The grout that fills the spaces between the tiles is vital for creating a waterproof seal between the wall and the shower, bath or splashback tiling. That’s why you need to make sure you choose a grout with good water resistance. Most grouts are indeed water-resistant, but in the bathroom, where it gets humid and damp, mould can be a real problem. Make sure you get a mould-resistant grout. Modern epoxy grouts cost a little more than traditional cement-based ones, but they have natural mould resistance built in. Also make sure you get the right colour – not all grouts are white.
Sealant is not the same as grout – it’s used to seal the edges of tiling, particularly where it meets other materials and surfaces. The best type of sealant to use where tiling meets a bath, shower tray or basin is 100% silicone sealant. It’s usually white, but you can get it in different colours to match your grout. Silicone is waterproof, mould-resistant and flexible, which is essential as there will always be movement between walls and furniture. Experts always half-fill the bath with water so it lowers a little. That way, the sealant won’t stretch too much whenever you have a bath.
Sealant will go off in the tube after a few weeks of being open, so don’t be tempted to use that tube in the loft that you half-used in 2013.
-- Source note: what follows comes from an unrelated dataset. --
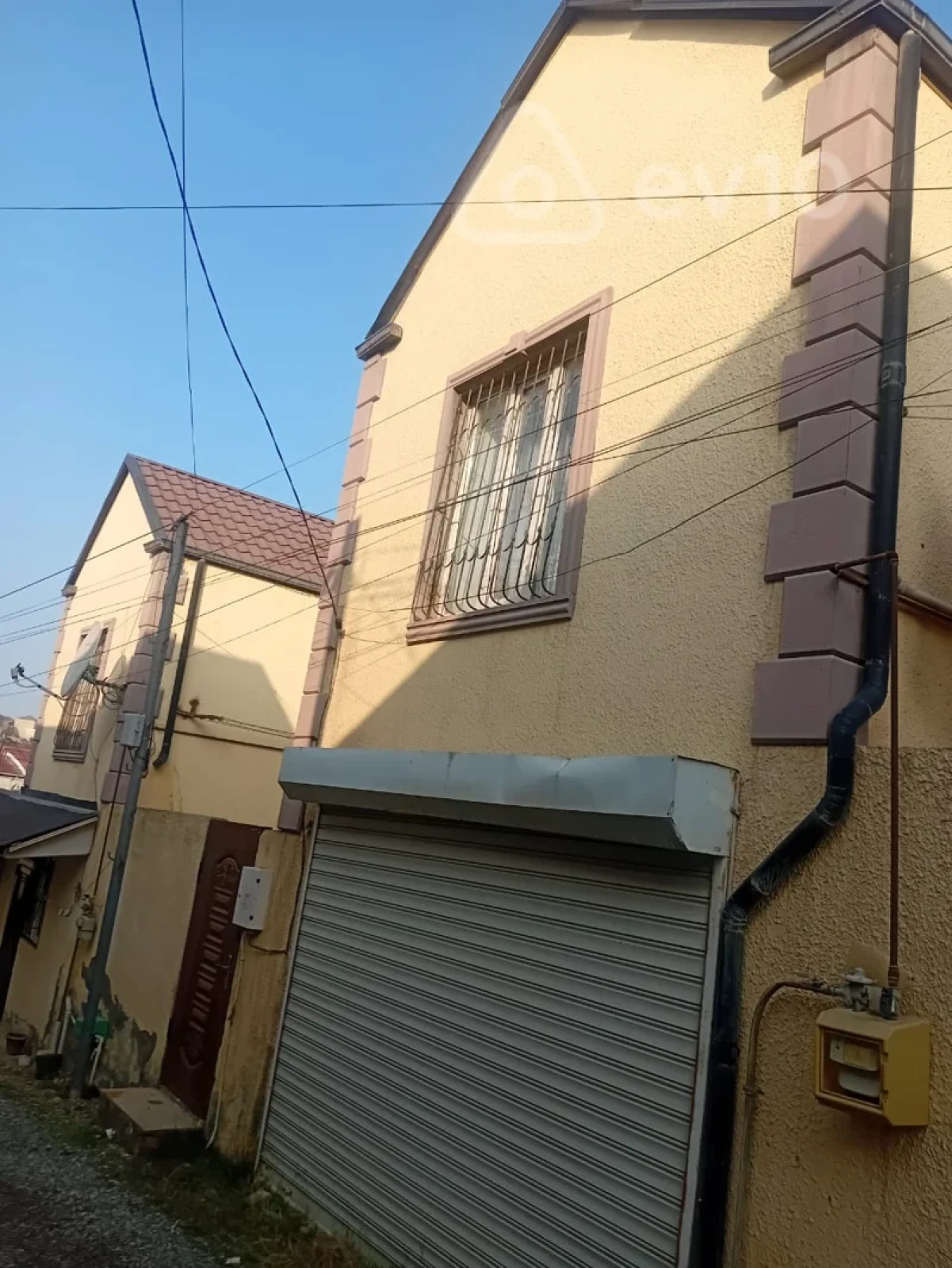 Satılır 6 otaqlı həyət evi 106 m²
Make sure you get a nice clean cut of the sealant nozzle. Sealant guns often come with a cutter in the handle, but they can be quite crude – you’re better off using a utility knife. Cut a small hole at 30–45° so it’s easier to apply. If your hole is too small you can cut a bigger one, but if it’s too big you can’t make it smaller.
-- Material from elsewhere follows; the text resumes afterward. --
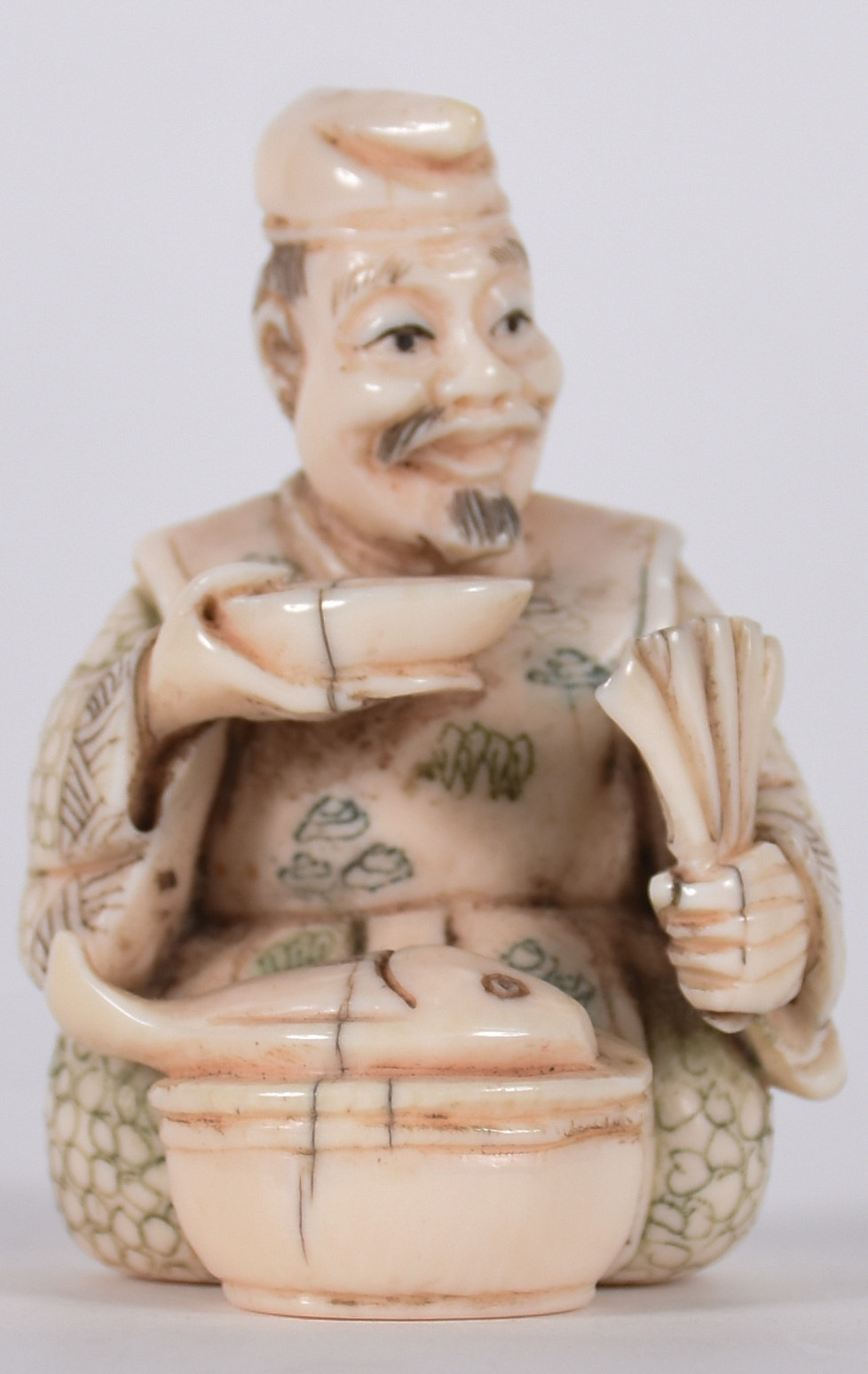 Netsuke em marfim. - foto 1 de 3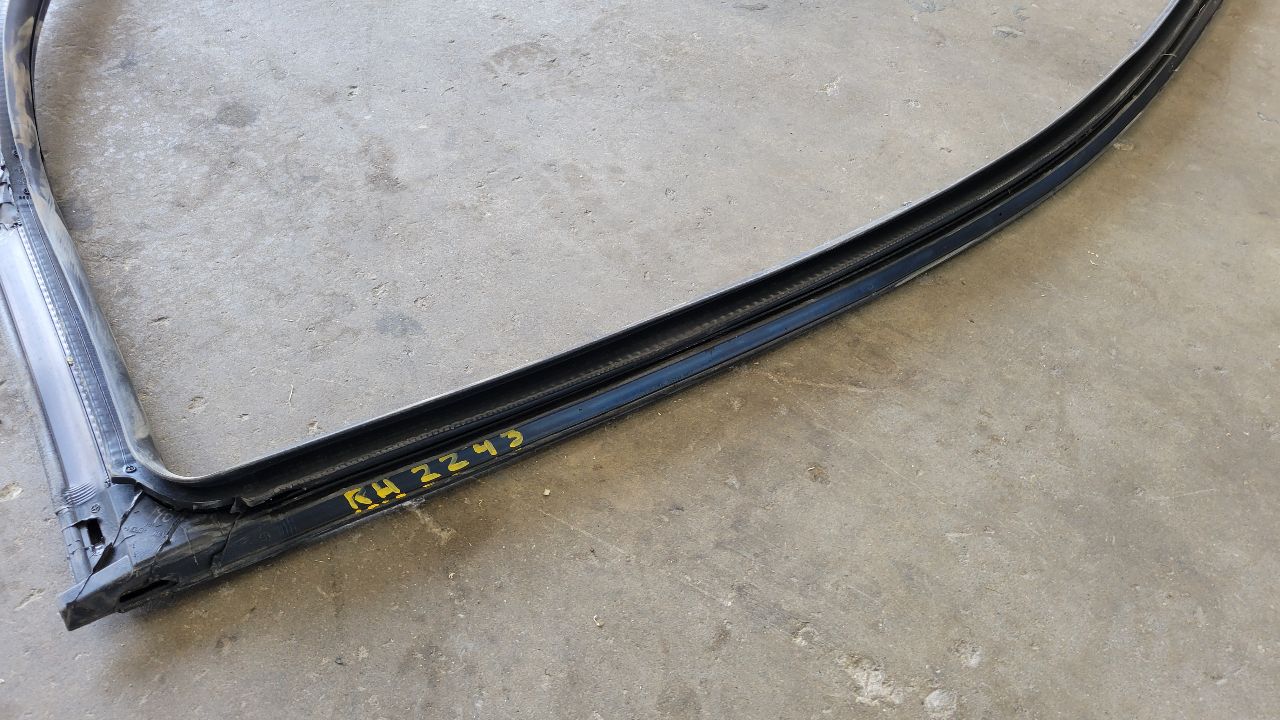 2018 CAMARO RH PASSENGER DOOR WEATHERSTRIPPING 29791 - image 11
Before you apply silicone to tiles, tubs, trays and basins, degrease your surfaces with a good cleaner. You can get specialist degreasing fluids, but methylated spirit will clean up grease perfectly well. Give it a wipe and any that’s left over will evaporate.
It’s received wisdom that when sealing a bath against a tiled wall, you put tape along the wall a few mm from the edges, fill the join with silicone, lick your finger and run it along the length, then peel off the tape for a neat join. But this creates several problems. First, you end up with a concave seal, which means that along the outside edges, the sealant will be microscopically thin, and will peel off and attract moisture. Second, the tape creates tiny 90° ledges, which attracts grime, moisture and mould. And third, the bacteria in your saliva can start the deterioration process on day one.
A profiling tool is a small, semi-flexible plastic card that has a 45° cut-off on one corner. All you do is apply the silicone, then run the tool along the join, and in its wake is a lovely 45° triangle of sealant. It’s thick and strong where it matters, and the 45° angle means there’s nowhere for water to accumulate.
With these top tips for tiling your bathroom, you’ll be well on your way to a job that both looks and feels professional, and – most importantly – that lasts for years to come.